One of the early warning signs of women with diabetes is a rise in thirst and urinary frequency, also known as polydipsia. This is because diabetes causes excessive sugar to accumulate in your blood and your kidneys aren’t equipped to get rid of it correctly.
Symptoms of diabetes in men
Diabetes is a condition that occurs when cells are unable to use glucose (blood sugar) as energy. This is typically because the pancreas stops producing enough insulin.
This can lead to high blood glucose levels. Your body attempts to lower these levels by flushing excess glucose from your bloodstream through urine.
People who have diabetes often experience thirst and require to drink large amounts of fluids. It can be as much as four liters daily.
Men can also experience weight loss since their bodies break down muscle to make energy instead of fat. This is due to the fact that their blood sugar levels stay high for long periods.
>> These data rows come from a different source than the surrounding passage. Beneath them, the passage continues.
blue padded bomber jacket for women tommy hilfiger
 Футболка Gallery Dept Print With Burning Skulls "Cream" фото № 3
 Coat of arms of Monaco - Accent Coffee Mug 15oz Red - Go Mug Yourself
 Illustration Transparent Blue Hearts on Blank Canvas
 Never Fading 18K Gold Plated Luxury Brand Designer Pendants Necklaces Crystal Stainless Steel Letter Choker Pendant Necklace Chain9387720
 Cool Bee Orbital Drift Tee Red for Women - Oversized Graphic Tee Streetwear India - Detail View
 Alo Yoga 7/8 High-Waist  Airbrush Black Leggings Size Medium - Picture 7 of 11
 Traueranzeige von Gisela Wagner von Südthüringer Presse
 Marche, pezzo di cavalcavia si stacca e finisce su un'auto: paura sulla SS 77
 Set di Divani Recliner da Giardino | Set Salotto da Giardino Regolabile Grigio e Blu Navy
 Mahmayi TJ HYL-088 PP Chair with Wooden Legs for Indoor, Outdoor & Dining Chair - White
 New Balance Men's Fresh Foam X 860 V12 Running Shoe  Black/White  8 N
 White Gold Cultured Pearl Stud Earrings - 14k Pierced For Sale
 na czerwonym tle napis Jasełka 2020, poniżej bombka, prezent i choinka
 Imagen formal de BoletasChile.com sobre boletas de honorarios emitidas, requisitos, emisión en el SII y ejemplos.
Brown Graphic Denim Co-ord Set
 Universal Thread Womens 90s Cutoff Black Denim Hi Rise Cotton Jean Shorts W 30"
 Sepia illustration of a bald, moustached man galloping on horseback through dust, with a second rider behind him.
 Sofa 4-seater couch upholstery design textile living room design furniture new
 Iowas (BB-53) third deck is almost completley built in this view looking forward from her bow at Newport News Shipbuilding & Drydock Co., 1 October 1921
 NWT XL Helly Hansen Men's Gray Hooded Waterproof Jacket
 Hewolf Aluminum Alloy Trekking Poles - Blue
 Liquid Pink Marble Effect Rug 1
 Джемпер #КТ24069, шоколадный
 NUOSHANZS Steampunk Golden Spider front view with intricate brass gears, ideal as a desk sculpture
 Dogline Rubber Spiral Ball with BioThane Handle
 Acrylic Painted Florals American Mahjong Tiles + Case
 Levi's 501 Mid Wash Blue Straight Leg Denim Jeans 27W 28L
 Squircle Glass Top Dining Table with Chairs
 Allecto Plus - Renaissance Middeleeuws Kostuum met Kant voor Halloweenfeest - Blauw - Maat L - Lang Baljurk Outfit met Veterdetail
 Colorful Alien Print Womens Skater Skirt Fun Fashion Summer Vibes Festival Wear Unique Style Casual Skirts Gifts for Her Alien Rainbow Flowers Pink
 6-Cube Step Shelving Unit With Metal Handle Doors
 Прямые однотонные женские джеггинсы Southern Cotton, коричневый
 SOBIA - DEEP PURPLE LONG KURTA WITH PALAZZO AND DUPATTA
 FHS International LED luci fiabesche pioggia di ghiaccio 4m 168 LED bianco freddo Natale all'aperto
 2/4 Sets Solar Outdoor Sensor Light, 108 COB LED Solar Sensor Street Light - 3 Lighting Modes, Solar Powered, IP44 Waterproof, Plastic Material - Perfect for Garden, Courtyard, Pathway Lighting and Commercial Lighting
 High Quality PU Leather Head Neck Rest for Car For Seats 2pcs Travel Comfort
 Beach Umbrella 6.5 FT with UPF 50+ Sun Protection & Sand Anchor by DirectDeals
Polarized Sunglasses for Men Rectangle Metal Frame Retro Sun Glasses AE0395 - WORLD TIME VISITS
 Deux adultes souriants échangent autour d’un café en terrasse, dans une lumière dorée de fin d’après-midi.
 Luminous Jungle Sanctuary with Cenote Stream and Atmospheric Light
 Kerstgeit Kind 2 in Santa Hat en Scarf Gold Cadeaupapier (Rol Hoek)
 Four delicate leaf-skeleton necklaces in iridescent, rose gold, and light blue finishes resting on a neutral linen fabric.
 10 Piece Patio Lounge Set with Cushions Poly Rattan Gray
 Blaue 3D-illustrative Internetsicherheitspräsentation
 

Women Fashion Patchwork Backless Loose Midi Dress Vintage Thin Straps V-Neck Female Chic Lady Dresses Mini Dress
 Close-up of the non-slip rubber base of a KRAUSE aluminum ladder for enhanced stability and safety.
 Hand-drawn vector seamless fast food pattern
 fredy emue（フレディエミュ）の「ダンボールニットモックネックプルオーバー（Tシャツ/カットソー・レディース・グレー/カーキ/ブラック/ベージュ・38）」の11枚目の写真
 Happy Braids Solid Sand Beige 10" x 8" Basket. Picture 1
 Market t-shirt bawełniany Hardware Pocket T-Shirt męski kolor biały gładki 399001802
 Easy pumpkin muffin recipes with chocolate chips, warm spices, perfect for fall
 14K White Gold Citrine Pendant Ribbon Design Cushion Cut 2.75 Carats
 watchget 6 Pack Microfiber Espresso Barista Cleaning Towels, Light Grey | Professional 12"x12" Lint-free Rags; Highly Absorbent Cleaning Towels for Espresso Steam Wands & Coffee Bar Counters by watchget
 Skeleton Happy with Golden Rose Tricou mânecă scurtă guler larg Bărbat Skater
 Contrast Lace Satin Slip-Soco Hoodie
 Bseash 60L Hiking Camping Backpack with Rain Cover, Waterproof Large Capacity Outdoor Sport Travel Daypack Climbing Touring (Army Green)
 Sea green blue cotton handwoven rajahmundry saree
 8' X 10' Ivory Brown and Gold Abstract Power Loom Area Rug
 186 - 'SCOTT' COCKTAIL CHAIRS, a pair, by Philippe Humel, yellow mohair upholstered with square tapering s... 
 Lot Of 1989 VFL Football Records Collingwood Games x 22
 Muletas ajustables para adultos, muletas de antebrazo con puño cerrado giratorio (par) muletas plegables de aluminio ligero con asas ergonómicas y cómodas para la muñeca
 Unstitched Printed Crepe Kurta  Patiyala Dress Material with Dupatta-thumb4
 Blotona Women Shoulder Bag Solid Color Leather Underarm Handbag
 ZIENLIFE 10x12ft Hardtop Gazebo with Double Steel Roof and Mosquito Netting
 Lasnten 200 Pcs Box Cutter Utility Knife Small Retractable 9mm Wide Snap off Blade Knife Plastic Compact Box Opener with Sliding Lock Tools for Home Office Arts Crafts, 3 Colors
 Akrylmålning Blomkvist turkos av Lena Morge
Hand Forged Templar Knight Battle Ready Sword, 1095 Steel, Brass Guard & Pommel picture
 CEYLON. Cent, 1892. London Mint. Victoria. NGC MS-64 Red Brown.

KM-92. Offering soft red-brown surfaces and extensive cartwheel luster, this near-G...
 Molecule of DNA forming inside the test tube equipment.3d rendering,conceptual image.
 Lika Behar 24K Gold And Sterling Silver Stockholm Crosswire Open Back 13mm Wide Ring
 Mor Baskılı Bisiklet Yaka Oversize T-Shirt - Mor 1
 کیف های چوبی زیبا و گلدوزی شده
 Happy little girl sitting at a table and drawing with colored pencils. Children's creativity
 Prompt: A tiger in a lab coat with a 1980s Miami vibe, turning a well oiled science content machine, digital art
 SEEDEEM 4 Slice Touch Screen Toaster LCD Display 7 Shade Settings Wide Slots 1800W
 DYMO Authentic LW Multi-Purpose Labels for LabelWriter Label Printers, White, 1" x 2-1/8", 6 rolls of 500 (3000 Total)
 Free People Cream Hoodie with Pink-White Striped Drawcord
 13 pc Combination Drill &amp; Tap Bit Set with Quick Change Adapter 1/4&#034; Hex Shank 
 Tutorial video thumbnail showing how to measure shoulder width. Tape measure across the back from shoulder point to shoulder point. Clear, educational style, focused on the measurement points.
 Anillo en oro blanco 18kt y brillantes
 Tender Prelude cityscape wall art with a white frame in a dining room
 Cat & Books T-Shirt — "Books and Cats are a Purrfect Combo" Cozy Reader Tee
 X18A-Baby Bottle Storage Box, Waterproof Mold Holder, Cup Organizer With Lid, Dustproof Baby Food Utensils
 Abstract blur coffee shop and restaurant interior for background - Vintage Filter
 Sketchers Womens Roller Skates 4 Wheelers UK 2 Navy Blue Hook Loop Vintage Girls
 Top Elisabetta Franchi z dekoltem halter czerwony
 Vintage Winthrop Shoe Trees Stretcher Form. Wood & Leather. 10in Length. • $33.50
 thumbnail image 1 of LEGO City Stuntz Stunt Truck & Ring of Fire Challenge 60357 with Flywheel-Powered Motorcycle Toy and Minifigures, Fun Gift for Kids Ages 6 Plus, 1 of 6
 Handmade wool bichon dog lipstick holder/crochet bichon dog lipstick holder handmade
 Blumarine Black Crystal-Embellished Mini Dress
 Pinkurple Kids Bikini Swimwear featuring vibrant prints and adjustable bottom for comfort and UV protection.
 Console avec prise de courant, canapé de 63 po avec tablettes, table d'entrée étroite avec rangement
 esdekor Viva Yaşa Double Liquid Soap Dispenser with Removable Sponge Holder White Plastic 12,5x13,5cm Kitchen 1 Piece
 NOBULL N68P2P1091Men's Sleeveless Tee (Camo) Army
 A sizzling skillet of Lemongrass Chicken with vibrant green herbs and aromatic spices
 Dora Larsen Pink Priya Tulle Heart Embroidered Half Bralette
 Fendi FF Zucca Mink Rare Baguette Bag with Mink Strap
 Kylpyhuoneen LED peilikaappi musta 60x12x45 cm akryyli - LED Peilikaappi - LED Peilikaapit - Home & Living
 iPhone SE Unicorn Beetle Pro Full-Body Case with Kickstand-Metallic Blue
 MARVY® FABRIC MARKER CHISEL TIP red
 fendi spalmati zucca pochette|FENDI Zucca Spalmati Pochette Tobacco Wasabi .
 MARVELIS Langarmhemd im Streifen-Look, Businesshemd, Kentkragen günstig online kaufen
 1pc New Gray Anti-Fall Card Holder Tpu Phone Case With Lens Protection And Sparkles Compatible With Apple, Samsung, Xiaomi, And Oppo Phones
A healthy diabetes diet is a crucial aspect of managing the condition. It can help regulate blood sugar levels and weight, as well as reduce risk factors for heart disease.
Your diet should consist of plenty of whole food items, including fruits, vegetables, whole grains as well as beans and dairy that is low in fat. It should also be low in saturated (unhealthy) fats and added sugars.
You might also consider limiting the amount of sugar-sweetened beverages you consume. These drinks often have plenty of sugar in them, which can lead to high blood sugar levels.
Your doctor may suggest diabetes medications to help keep your blood glucose (blood sugar) levels within a normal range. These medications are typically paired with lifestyle changes like diet and exercise to help you manage your diabetes.
If your blood sugar levels are not being adequately controlled with one medication, you might need to add a second medication. Your doctor will assist you to select the most appropriate medication for your needs and preferences.
Newer medications, such as sodium-glucose -cotransporter-2 inhibitors, and glucagon peptide-1 receptor antagonists, lower blood sugar and have benefits for the kidneys and cardiovascular system, as well as decreasing the chance of developing complications. They also help with weight loss, and are available in tablets and injections.